Quel giorno la moglie del contadino Paolo Gallo si presentò alla stazione dei carabinieri a denunciare la scomparsa del marito che all’alba del giorno precedente era andato a lavorare i campi ma non era ritornato a casa. Nei campi, i militari dell’Arma rinvennero tracce di sangue. Altre tracce di sangue vennero trovate in casa di Salvatore Gallo, fratello dello “scomparso”.

Poiché era noto in paese che fra i fratelli Gallo non c’erano buoni rapporti e spesso venivano alle mani, per gli investigatori dell’epoca fu facile fare due più due: «Paolo Gallo è stato ucciso dal fratello che con l’aiuto del figlio Sebastiano ne ha occultato il cadavere».

Il corpo della vittima non venne mai trovato, ma Salvatore Gallo ed il figlio, nonostante si protestassero innocenti, vennero processati. Fu inutile, nel processo di primo grado, anche la testimonianza di due mediatori di cavalli che giurarono di aver visto Paolo Gallo vivo e vegeto. La Corte d’assise di Siracusa, davanti alla quale si celebrava il processo, fece arrestare i due testimoni e li condannò pure per falsa testimonianza.

Salvatore Gallo fu quindi condannato all’ergastolo sia in primo grado, che davanti alla Corte d’assise d’appello di Catania e rinchiuso nel penitenziario dell’isola di Ventotene, mentre al figlio Sebastiano vennero inflitti 12 anni e 8 mesi per occultamento di cadavere. Il ricorso per Cassazione dei due venne dichiarato inammissibile.

Dopo sette anni fu grazie ad un’inchiesta del giornalista Enzo Asciolla che si riuscì a scovare, il 7 ottobre del 1961, il “morto”, Paolo Gallo, alla periferia di Ispica, nel ragusano. La notizia, ovviamente, fece il giro del mondo e la giustizia italiana si trovò a dover risolvere un caso mai accaduto prima: un uomo chiuso in cella all’ergastolo per omicidio mentre il “morto” era in stato di fermo nella stazione dei carabinieri.

Ci vollero tre giorni per concedere la libertà provvisoria a Salvatore Gallo, anche perché le norme sulla revisione non prevedevano quel caso né il Presidente della Repubblica poteva concedergli la Grazia, perché quel tipo di procedimento è previsto solo per i colpevoli e non per gli innocenti.

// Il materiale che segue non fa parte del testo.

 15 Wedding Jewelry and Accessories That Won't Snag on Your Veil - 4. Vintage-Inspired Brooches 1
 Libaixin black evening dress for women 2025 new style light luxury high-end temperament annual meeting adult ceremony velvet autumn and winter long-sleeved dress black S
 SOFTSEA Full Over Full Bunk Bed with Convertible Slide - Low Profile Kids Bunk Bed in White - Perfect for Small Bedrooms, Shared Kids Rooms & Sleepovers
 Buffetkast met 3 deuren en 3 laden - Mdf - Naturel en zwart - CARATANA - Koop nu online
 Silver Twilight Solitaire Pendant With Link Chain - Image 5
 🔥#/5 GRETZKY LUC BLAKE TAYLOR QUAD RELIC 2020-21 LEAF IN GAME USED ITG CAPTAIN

Fu così necessaria una modifica al codice di procedura penale, approvata dal Parlamento il 14 maggio del 1965, per consentire alla Corte d’assise d’appello di Palermo, di avviare il processo di revisione per Salvatore Gallo. La nuova norma stabilì pure il diritto delle vittime degli errori giudiziari ad ottenere un risarcimento danni da parte dello Stato.

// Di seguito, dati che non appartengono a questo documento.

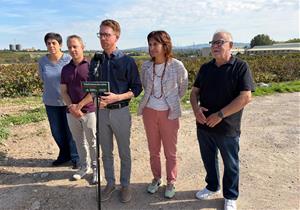 Els regidors d'ERC Vilafranca en roda de premsa . Eix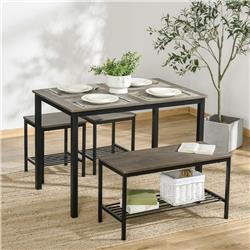 Picture of 212 Main 835-643 Homcom Industrial Dining Table Set&#44; Rustic Brown - 4 Piece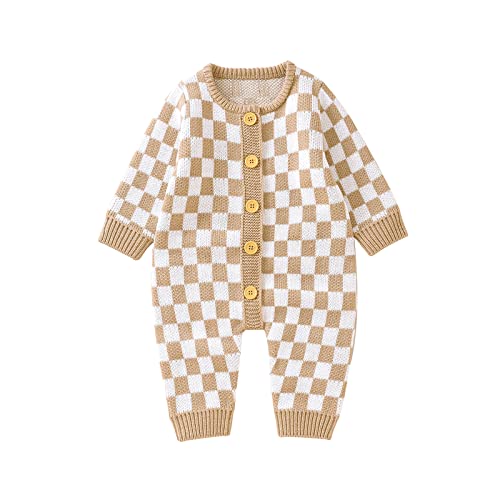 Image of Infant Baby Girl Boy Knitted Sweater Romper Jumpsuit Checkerboard Plaid Print Long Sleeve Button Down Bodysuit Clothes (Camel, 0-3 Months)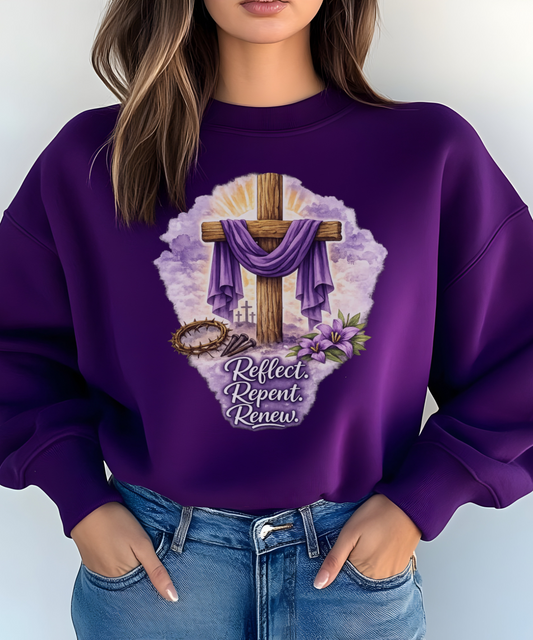 Lent REFLECT REPT RENEW Unisex Sweatshirt| Easter Advent Religious Christian Crewneck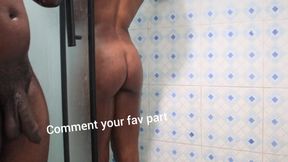 Hot ebony woman in shower with boyfriend and cousin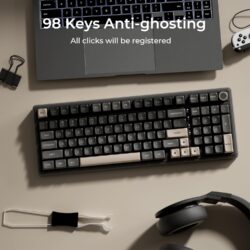 Royal Kludge R98 Pro 96% Wired Mechanical Gaming Keyboard – RGB, Hot-Swappable Cream Linear Switch, Gasket Mount, MDA PBT Keycaps, Numpad & Knob (Phantom)
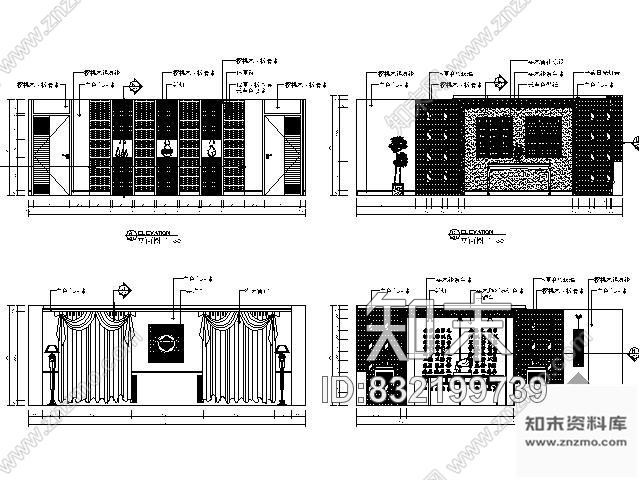 图块/节点中式餐厅立面图施工图下载【ID:832199739】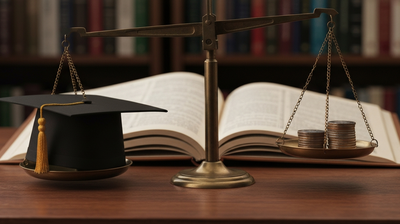 A graduation cap balanced against stacked coins on a brass scale, evoking the financial return on a college degree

I giudici palermitani, riconobbero l’innocenza di Salvatore Gallo ma, avendo accertato che aveva aggredito il fratello, lo condannarono a 4 anni e mezzo di reclusione, pur ritenendo la pena assorbita dai sette anni già trascorsi in carcere, e non gli concessero nes-sun risarcimento.

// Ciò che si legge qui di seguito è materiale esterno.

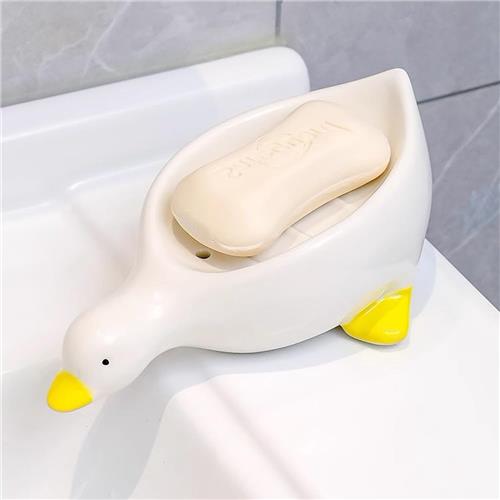 SNQ Keramische leuke eend zeepbakje- zelfdragende zeephouder voor douche- badkamer- badkuip- keuken- wastafel- keramiek- dienblad houder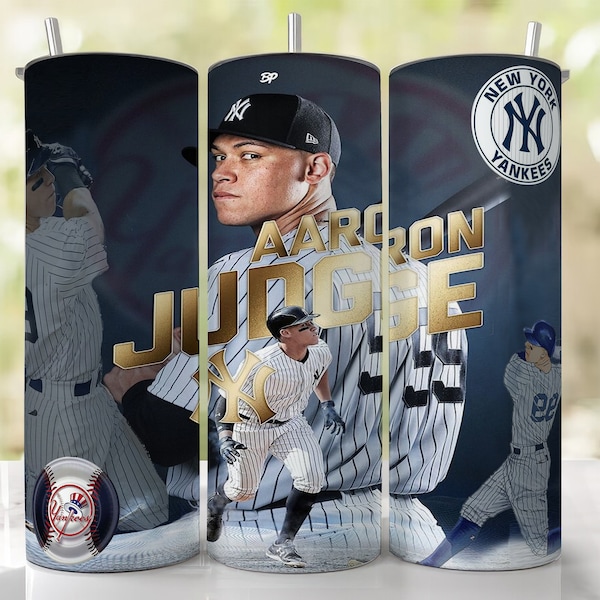 Aaron Judge Tumbler 20 oz Skinny  NY Baseball  20oz Tumbler Design Yankees Tumbler Sublimation Wrap | PNG Digital File | Instant download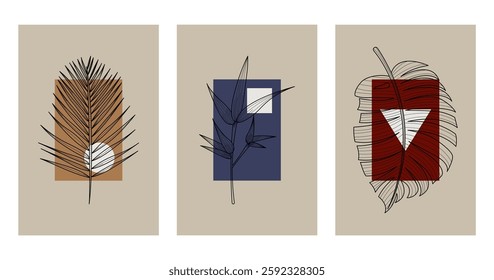 Abstract boho botani wall art decor background. Printable abstract boho wall art decor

Anni dopo il “morto”, che era stato processato per calunnia nei confronti del fratello ma assolto perché si era semplicemente allontanato volontariamente e non aveva avuto alcun ruolo nella condanna del congiunto, raccontò che Salvatore Gallo, appena uscito dal carcere «mi picchiò di nuovo e continuò a farmi dispetti».